Taiichi Ohno is considered to be the father of the Toyota Production System, which became Lean Manufacturing in the U.S. He devised the seven wastes (or muda in Japanese) as part of this system.
Read more on Taiichi Ohno on wikipedia: http://en.wikipedia.org/wiki/Taiichi_Ohno

Transport: Transporting product between processes is a cost incursion which adds no value to the product. Excessive material handling may cause damage to the goods. Movement must be minimised by moving equipment and processes closer together.

Inventory: Too little inventory will lose sales, too much inventory can hide problems. Excess inventory increases lead times, uses up productive floor space and inhibits communication. By achieving a seamless flow between work centres, customer service will be improved, and inventories with related costs slashed. It is necessary to aim for “Just in Time” (JIT) manufacturing in order to expose problems to be eliminated and reduce costs.

Motion: This waste is related to ergonomics and is seen in all instances of bending, stretching, walking, lifting, and reaching. These are also health and safety issues. It is necessary to remove unnecessary motion of the operations and improve the ergonomics of the workplace.

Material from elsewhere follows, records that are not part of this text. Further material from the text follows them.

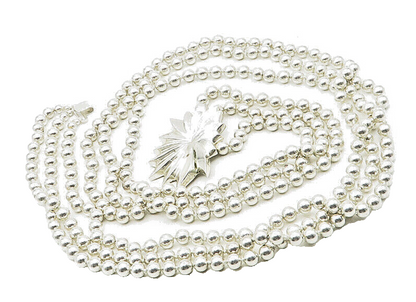 N&R 925 Sterling Silver Vintage Shiny Multi Strand Ball Beaded Belt TR2520
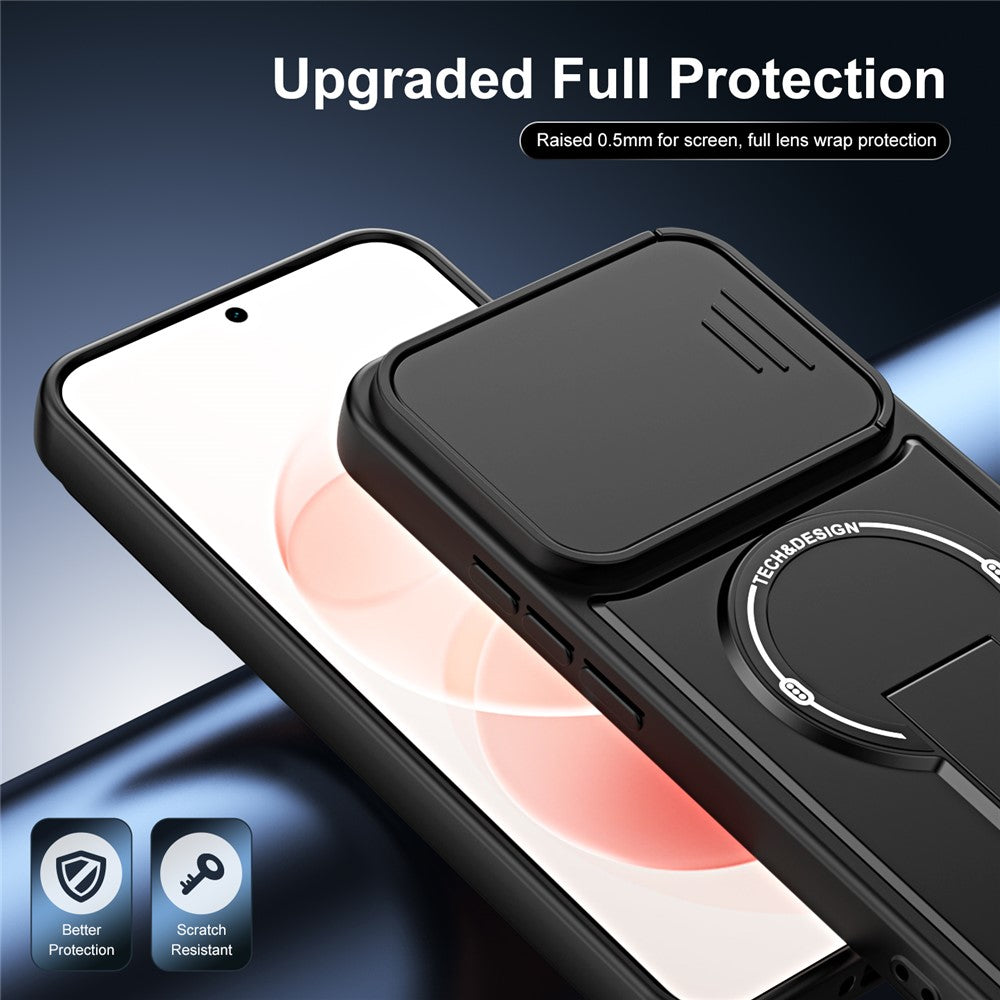 For Xiaomi Redmi Note 17 Pro 5G Case with Slide Camera Cover Kickstand Shockproof PC + TPU Matte Finish Phone Shell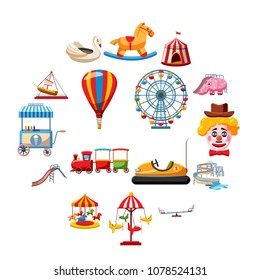 Amusement park icons set in flat style. Attraction park set collection vector illustration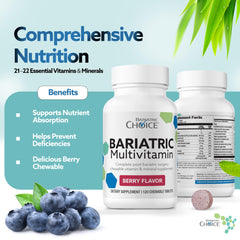 Bariatric Choice chewable tablet, small and easy to swallow after bariatric surgery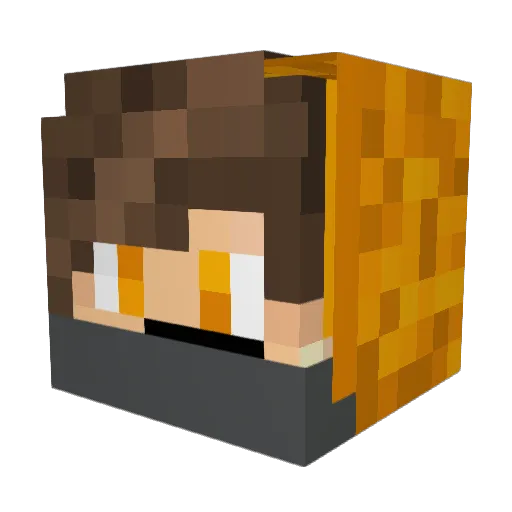 Ramnux Minecraft avatar head, 3D render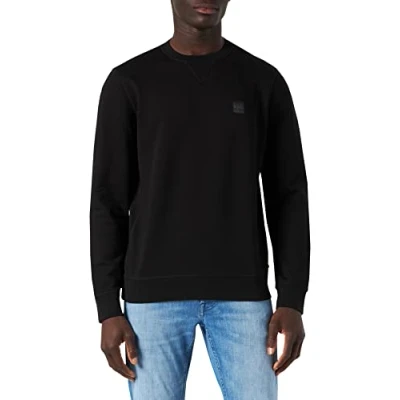 Bild av BOSS herrtröja Westart bomullsfrotté normal passform med logotyplapp, Black001, 4XL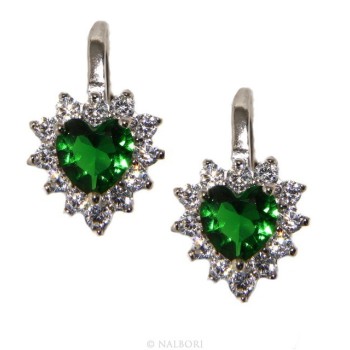 NSA|Argento 925 : orecchini donna punto luce zircone verde emerald bianco cuore monachella sicurezza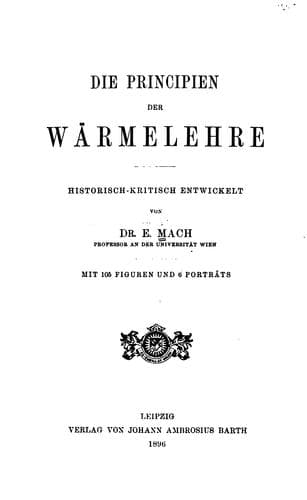 Tapa de Die Principien der Wärmelehre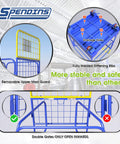 Rock Solid Foldable Forklift Safety Cage For Two Workers, showing removable upper mast guard and drainage holes.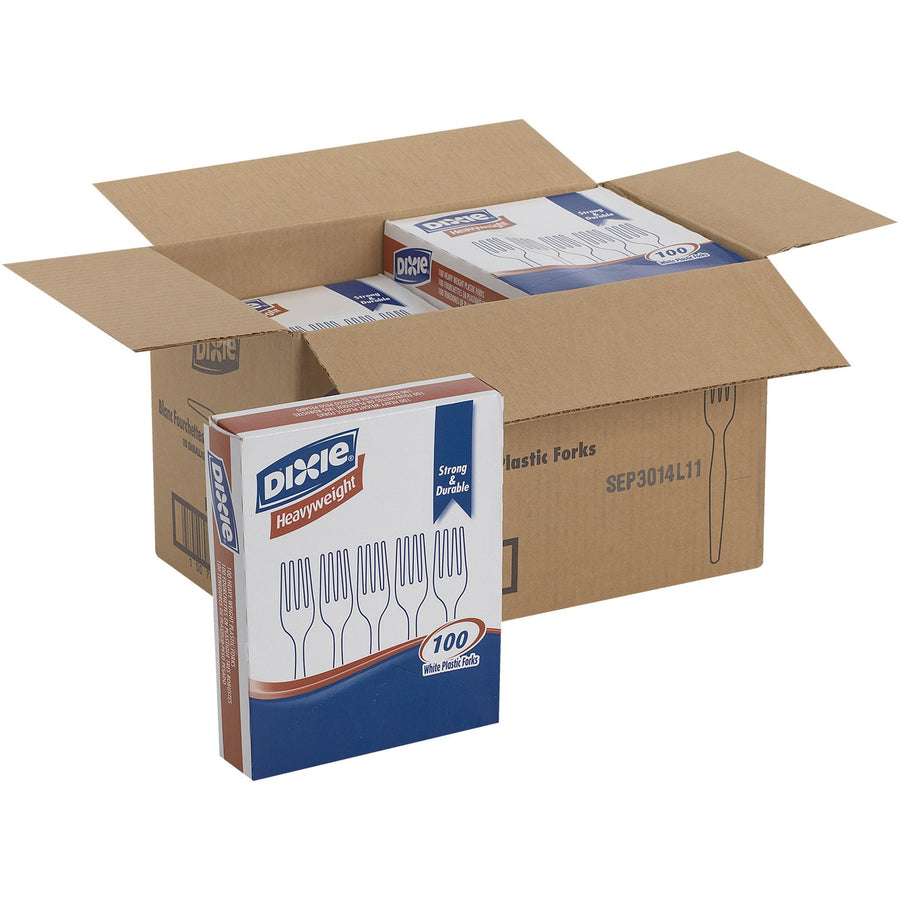 Dixie Heavyweight Disposable Forks Grab-N-Go by GP Pro, White, Polystyrene, Heavy Duty, 10 / Carton, DXEFH207CT
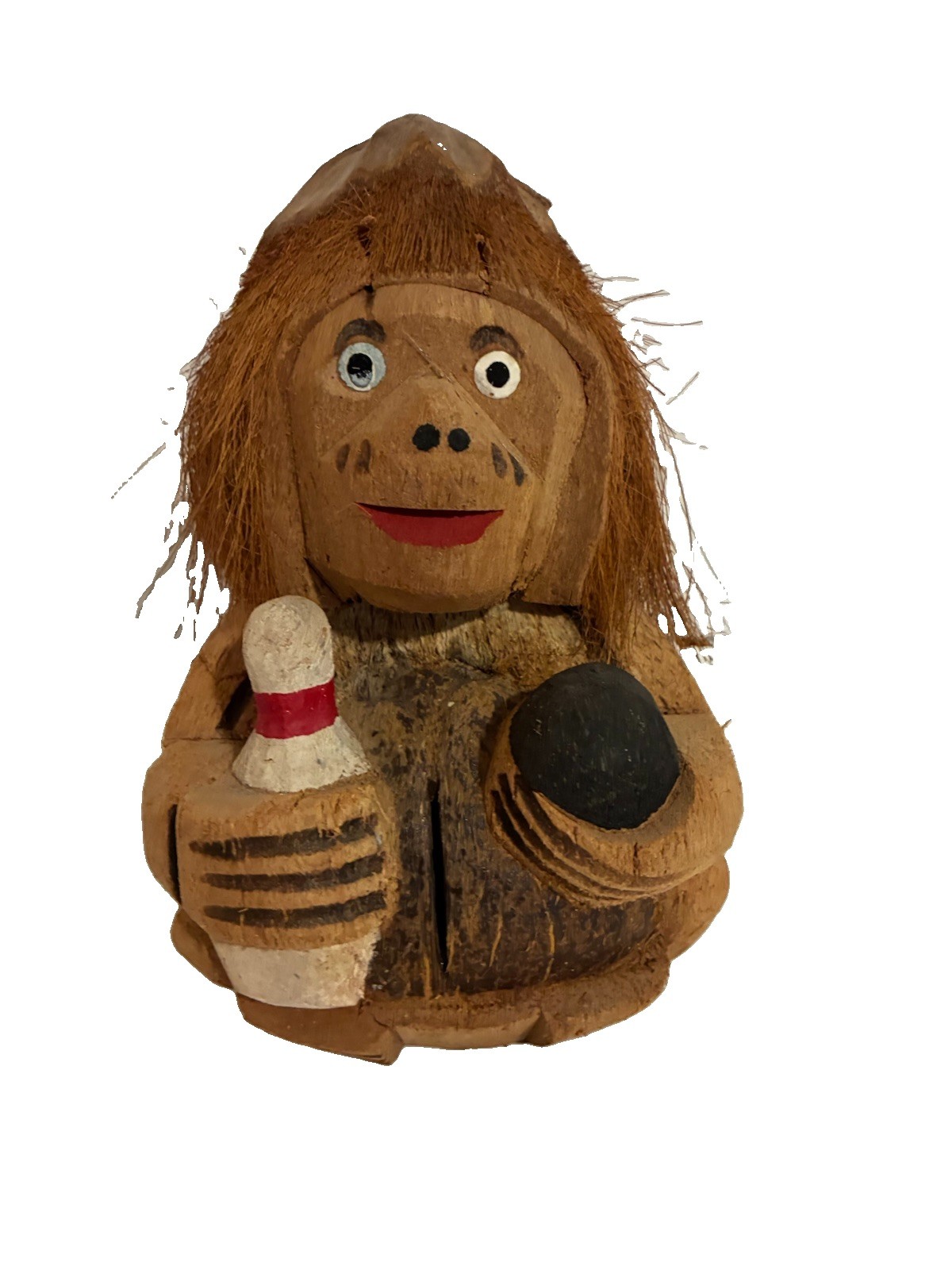 VTG Coconut Monkey Head Tiki Folk Art Hand Carved Bowler Hawaiian Craft Luau Bar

Waiting: 99%of a product’s life time is spent waiting to be processed and most of  its lead time is tied up in waiting for the next operation; Minimise waiting time and maximise “value adding” time. You can achieve a smoother flow and waiting time reduction by linking processes together so that one feeds directly into the next.

Overproduction: this waste occurs when an item is manufactured before it is actually required.  Overproduction is highly costly to a manufacturing plant because it prohibits the smooth flow of materials and actually degrades quality and productivity. This creates excessive lead times, results in high storage costs, and makes it difficult to detect defects. Always aim to make exactly what the customer orders, just in time, to the correct quality standard.

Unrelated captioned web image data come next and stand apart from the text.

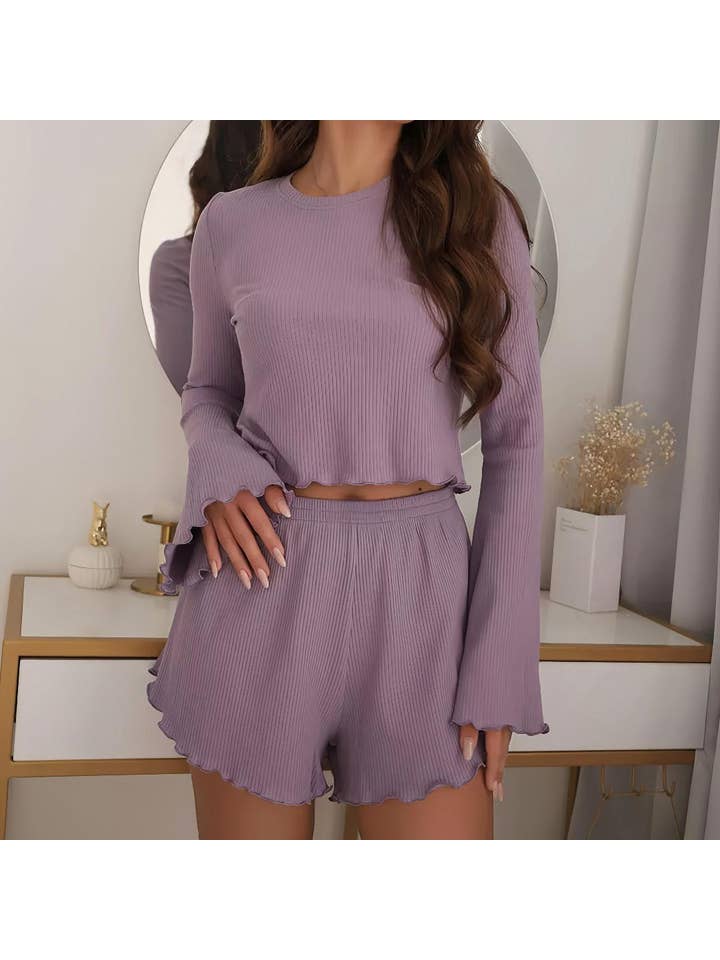 Rosa Clothing - Wholesale Sleepwear Set - Women's - Long-sleeve top & shorts set pajamas loungewear 2pcs3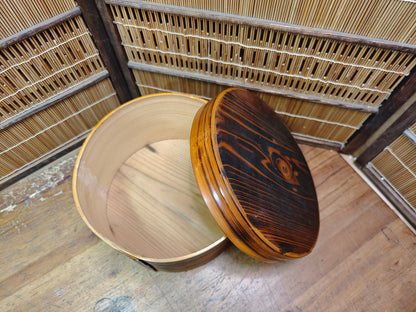 Vintage Japanese Ohitsu Rice Container Bentwood Wooden Rice Tub Lid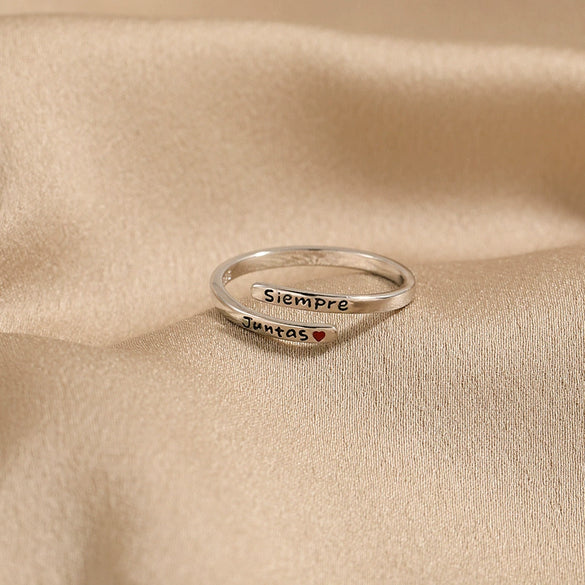Wholesale Women's Simple Fashion Geometric 925 Sterling Silver Love Ring With Electroplating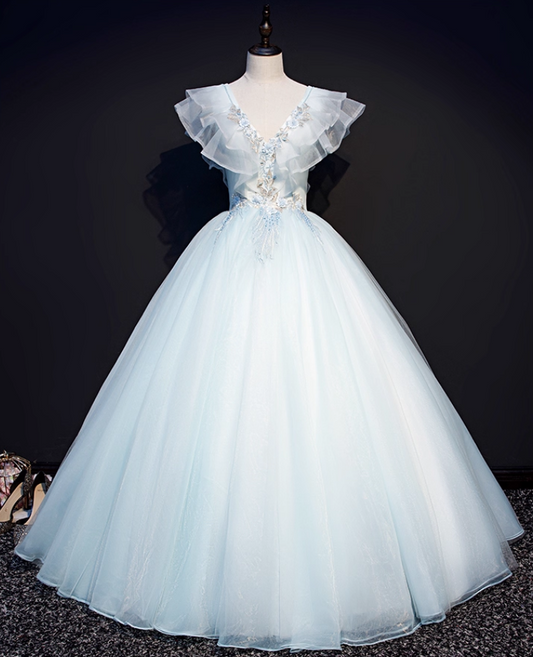 Vintage Sky Blue Applique Sweet 16 Quinceanera V-neck Tulle Evening Dress A-Line Floor Length Ball Gown DP6910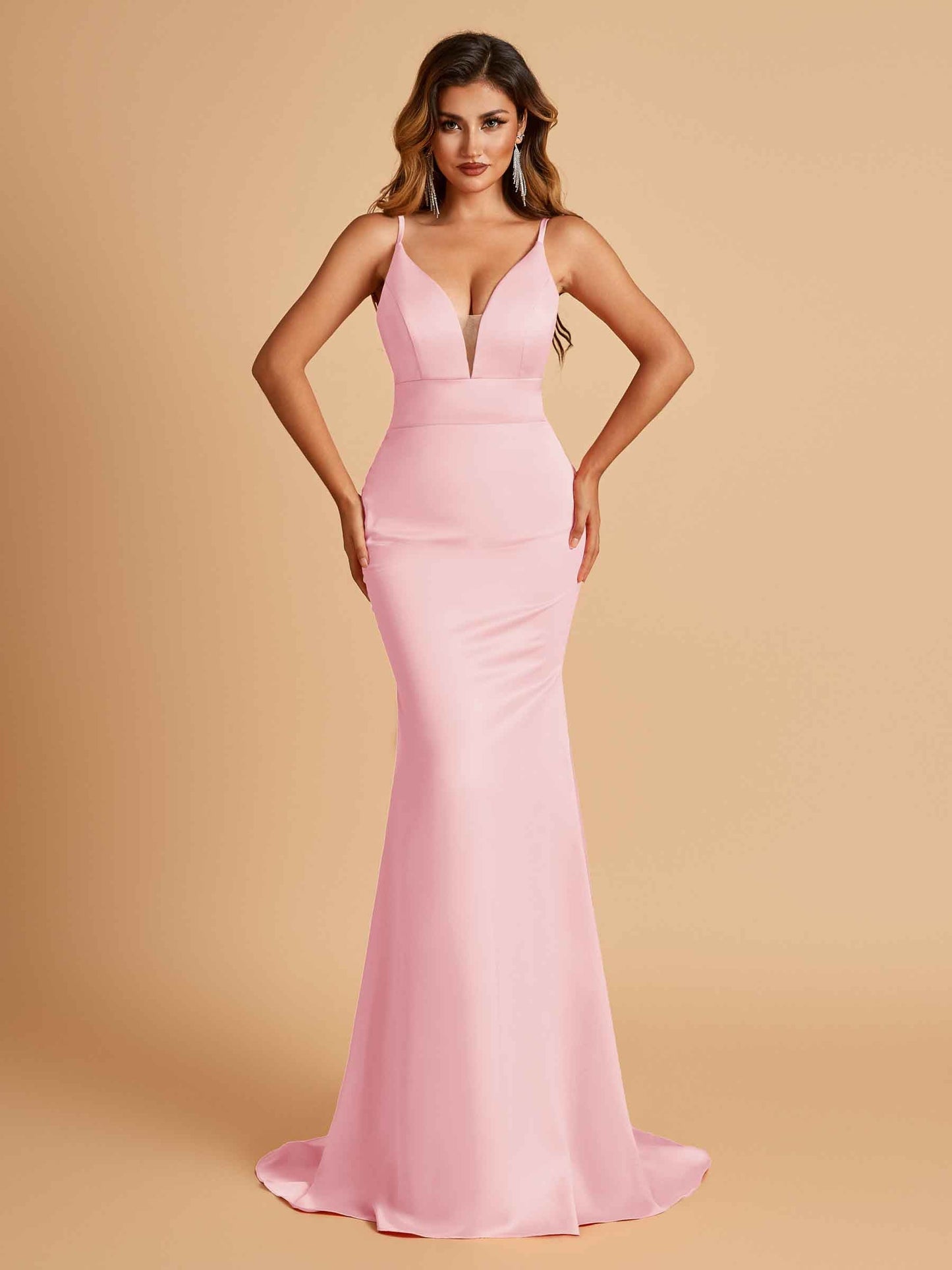 Satin Deep V-neck Mermaid Prom Dresses Open Back Floor Length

Over (or inappropriate) Processing: many organizations use expensive high precision equipment where simpler tools would be sufficient. It is necessary to aim at reducing the waste of inappropriate processing by Investing in smaller, more flexible equipment where possible, creating manufacturing cells and combining steps.

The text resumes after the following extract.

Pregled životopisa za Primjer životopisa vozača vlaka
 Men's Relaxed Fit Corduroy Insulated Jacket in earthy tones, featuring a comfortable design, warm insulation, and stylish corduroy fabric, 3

Defects:  Quality defects have a direct impact to the bottom line causing rework and tremendous cost to organizations. Related costs include quarantining inventory, re-inspecting, rescheduling, and capacity loss.  Through employee involvement and Continuous Process Improvement (CPI), you can reduce defects.

Underutilization of Employees has been added as an eighth waste to Ohno’s original seven wastes as stated in the latest edition of the Lean Manufacturing classic Lean Thinking.  Organizations use to employ their staff for their nimble fingers and strong muscles, but forget they have a free brain. It is only by capitalizing on employees’ creativity that organizations can eliminate the other seven wastes and continuously improve their performance.

Many changes over recent years have driven organizations to become world class organizations or Lean Enterprises. The first step in achieving such goal is to identify and eliminate the seven wastes. As Toyota and other world-class organizations have realized, customers will pay for value added work, but never for waste.